Sounds bad right? Lock Keiran up! And now the money shot . . .

Keiran, a federally licensed firearms dealer since April 2013, sold 11 weapons to an undercover officer who told Keiran he couldn’t pass the required background check and a convicted felon, according to the statement.

On May 29, 2014, Keiran sold three 9mm handguns for $960 to the undercover agent from the Bureau of Alcohol, Tobacco, Firearms, and Explosives. The following month, Keiran sold the undercover agent a .38-caliber revolver for $398.43, and two .22-caliber rifles for approximately $1,390, according to the statement.

On June 20, 2014, Keiran sold five 9mm handguns for $1,600 to the convicted felon, who was cooperating with law enforcement, according to the statement.

In both instances, Keiran doctored the bill of sale and the federal firearms paperwork by using the names of other customers. The sales were conducted in his Elwood home, according to the statement.

Question: did Keiran use entrapment as an affirmative defense (admitting to the crime and claiming entrapment)? According to Illinois law 720 ILCS 5/7-12. . .

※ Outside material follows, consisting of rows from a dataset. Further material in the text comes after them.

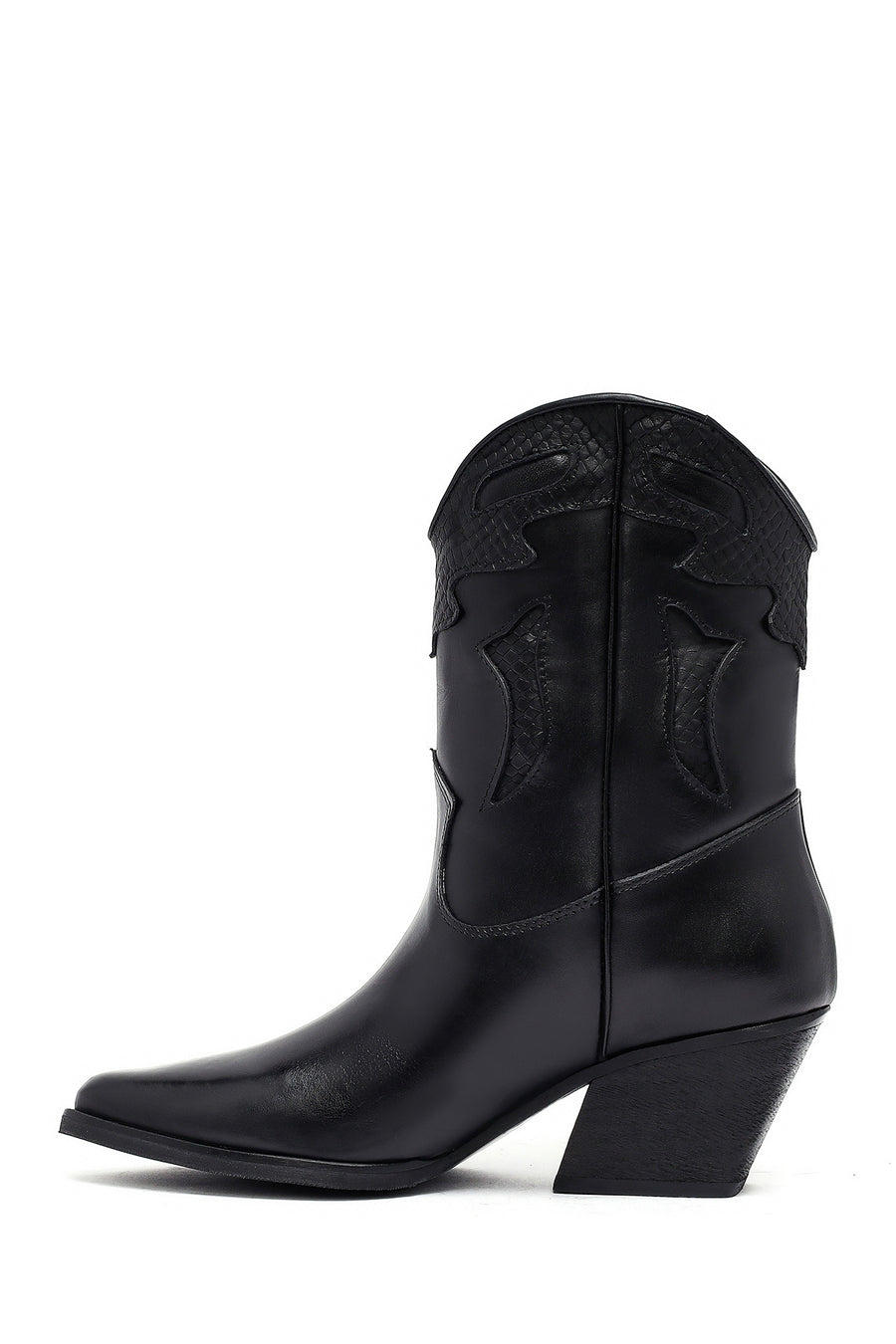 Woman Black Short Chunky Heel Leather Cowboy Boots
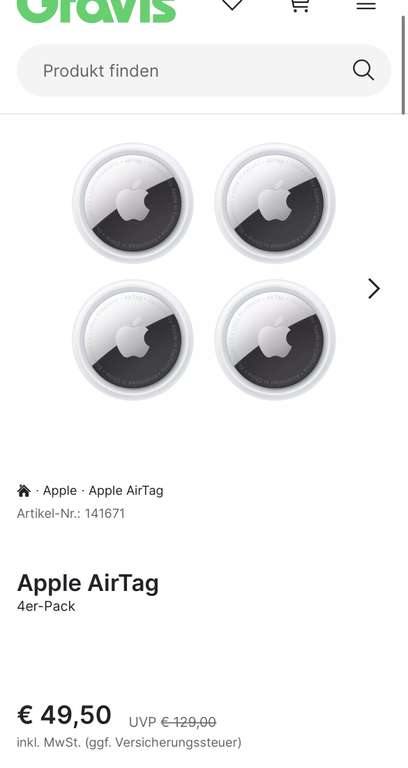 Apple AirTag 4er-Pack [Lokal Erfurt, München]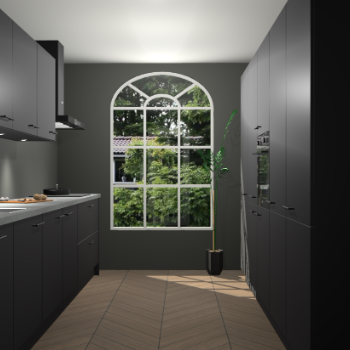 Zwarte keuken Dawei 90493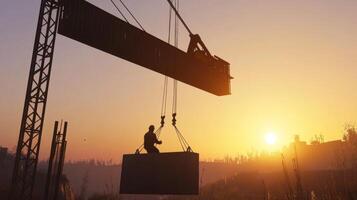 A Construction Worker Using a Crane to Lift a Large Concrete Slab at Sunset photo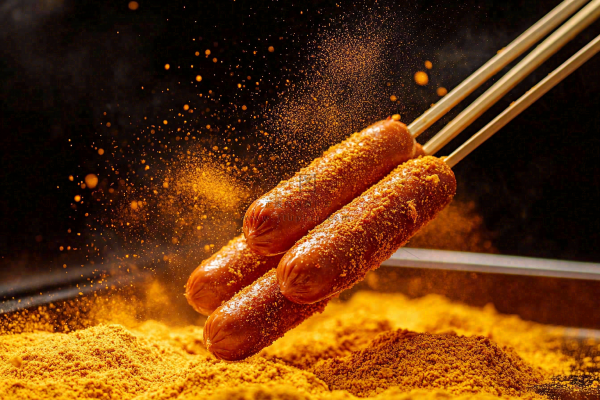 烤火腿肠煎辣椒面香辣美食小吃摄影图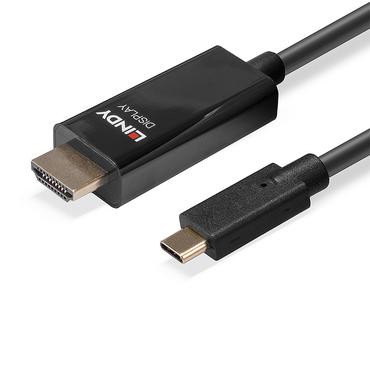 Lindy 43315 videokabel adapter 5 m USB Type-C HDMI Type A (Standard) Sort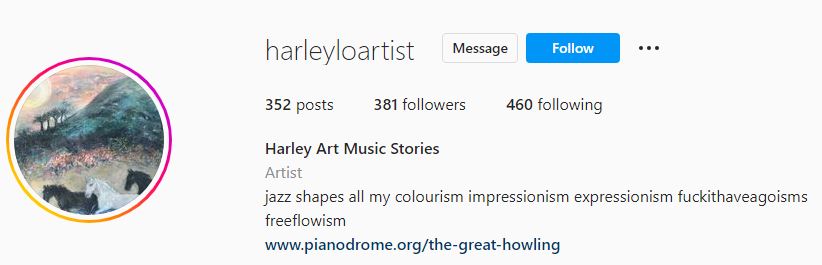 Loudon's Instagram account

A person is not guilty of an offense if his or her conduct is incited or induced by a public officer or employee, or agent of either, for the purpose of obtaining evidence for the prosecution of that person. However, this Section is inapplicable if the person was pre-disposed to commit the offense and the public officer or employee, or agent of either, merely affords to that person the opportunity or facility for committing an offense.

If Keiran had priors, good luck with that. If he didn’t . . . good luck with that. As we’ve advised readers regarding their rights in a defensive gun use, there’s the law, there’s enforcement of the law and there’s the judicial interpretation of the law. I reckon Mr. Keiran was convinced that an entrapment defense didn’t stand a chance in court, and plea bargained for a four year sentence.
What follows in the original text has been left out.